Impact of manure anaerobic digestion and acidification of digestate on soil quality and GHG emissions

Acidification of stored manure and on‑farm anaerobic digestion have been identified in Canada as beneficial management practices (BMPs) that can mitigate climate change by reducing greenhouse gas (GHG) emissions. The objective of this study was to assess the effects of these technologies on manure agronomic value, soil physicochemical properties, and nitrous oxide (N₂O) emissions.

Field experiments were established in 2024 at two contrasting sites classified as a silty clay loam and a sandy loam. Five treatments were applied in a randomized design with three replicates per site: undigested manure, digestate, acidified digestate (pH 6.5), mineral fertilizer, and an unfertilized control for a total of 30 plots. During the growing season, soil samples (0–20 cm) were analyzed for pH, major nutrients (N, P, K, Ca, Mg, S), and trace elements (Cu, Zn, Fe, Mn, Al). Treatments were applied in spring and after forage harvests. Before each application, manure samples were analyzed for density, pH, and total major and trace element concentrations.

To quantify N₂O emissions, non–steady‑state chambers were installed in spring and remained in place throughout the season. Chambers were sampled weekly, and gas concentrations were measured using a gas chromatograph with an electron capture detector. Forage yield was measured  for each plot, and plant tissues were analyzed for total major and trace elements using ICP‑OES.

Soil pH ranged from 5.8 to 6.6 in the silty clay loam and from 5.9 to 6.8 in the sandy loam. Manure‑based treatments emitted 1.2 to 3.9 times more N₂O than the mineral fertilizer treatment, except in the silty clay loam in 2024, where manure treatments (excluding the control) produced similar emissions. The acidified digestate treatment consistently generated the highest N₂O emissions among manure treatments.

In sandy loam plots, N₂O production was 1.3 and 2.6 times higher in the undigested manure and acidified digestate treatments, respectively, compared with the silty clay loam. Cumulative N–N₂O losses were also greater in 2025, particularly for the acidified treatment (73% higher), while increases in the control and mineral fertilizer treatments were more moderate (28% higher).

Forage yields were higher in 2025 than in 2024. In the silty clay loam, yields followed the order: digestate > acidified > mineral > undigested > control, ranging from 1.8 Mg ha^-1 (control) to 2.8 Mg ha^-1 (digestate). A similar trend occurred in the sandy loam, where the acidified treatment produced the highest yields, followed by the digestate.

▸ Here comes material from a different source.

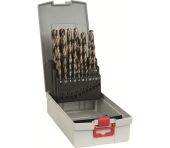 Bosch Metalborsæt HSS-CO 25 stk 2608587018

Overall, the results show that treated and acidified manure applications improved forage yield relative to mineral fertilizer in both soils. However, the acidified treatment also increased N₂O emissions, suggesting that its reduced pH may require a longer stabilization period before field application. This aspect will be examined in the coming years. Additional project data will also help identify BMPs that can effectively reduce N₂O emissions on Canadian farms.